Dan Greenberg, named the chairman of the Alcoholic Beverage Control Board in February by Gov. Asa Hutchinson, just ahead of the board’s assuming new duties in regulation of medical marijuana, is resigning from the board and moving with his family to Washington, D.C. sources tell me.

My sources say he’s taking a job in the Trump Administration, perhaps in the Labor Department and related to business licensure. Deregulating business licensure has been a long passion of Greenberg as president of a conservative think tank, the Advance Arkansas Institute. Greenberg is also a lawyer and former Republican state representative who lost his last legislative race, for state Senate, against Jeremy Hutchinson. I couldn’t reach Greenberg tonight by phone or e-mail.


No word yet on who might be named to succeed Greenberg. The alcohol industry will be watching closely, but the board’s important role in marijuana regulation might be of more immediate importance. The ABC has already adopted rules on advertising, transportation, edibles and other facets of the newly authorized medical marijuana business. A separate commission is reviewing applications for permits from potential growers and sellers. The Health Department also has some supervisory duties.

UPDATE: Just heard back from Dan, who confirms he’s off to Washington. His note:


As of Monday, I started a new job as Senior Policy Advisor at the U.S. Department of Labor in DC. Technically, I am in the Office of the Assistant Secretary for Policy. It was a hard decision because I like living in Arkansas and I enjoyed my work at the Advance Arkansas Institute and in state government.

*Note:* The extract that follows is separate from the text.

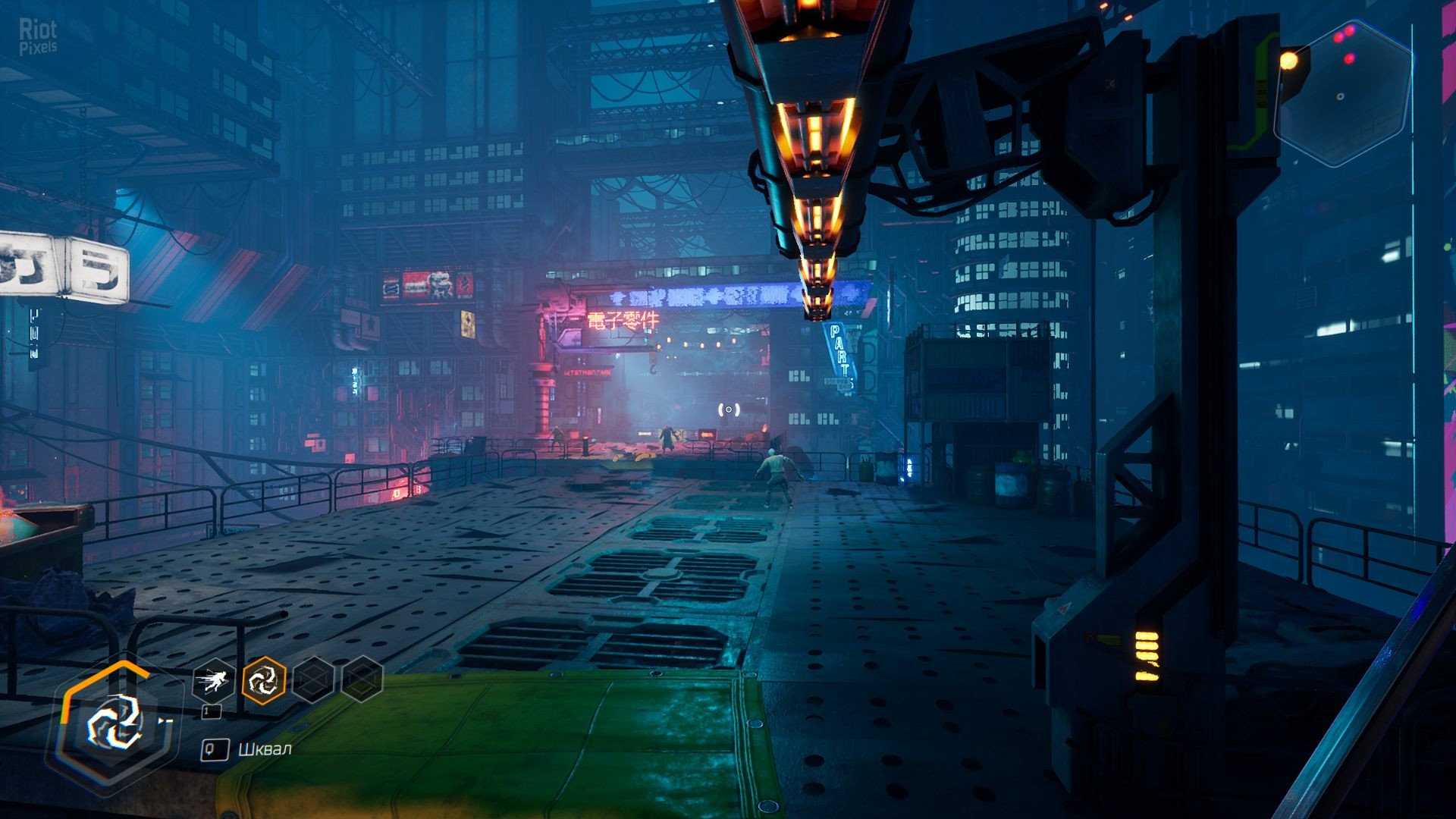 [14]-Ghostrunner – v0.42441.48 + 6 DLCs + Bonus OST Download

There are not many job offers that would have encouraged me to leave the home where I have been living 15 years and the state where I lived most of my life. But this was pretty close to an unrefusable opportunity. A central focus of my new job is the reform of overextensive occupational licensure laws and regulations, which is an issue that AAI has been involved in heavily for most of its life. There is bipartisan agreement on the importance of this reform. As you likely know, this was a policy interest for the Obama Administration; it is also a policy interest of the current Administration and more particularly the Secretary of Labor. The fact is that America has plenty of capable and qualified people who are ready to work, but who are held back by legal barriers that favor incumbents and block entry into labor markets. Some of these barriers seem to have little or nothing to do with benefiting the people. That is a moral outrage, and I am grateful that I was asked to work on this issue at DOL.

Perhaps I should have made some sort of announcement on the blog or something. I have just been too busy with the transition to think much about that stuff.

Marjorie and the kids are coming up in a week or so to look at houses and schools.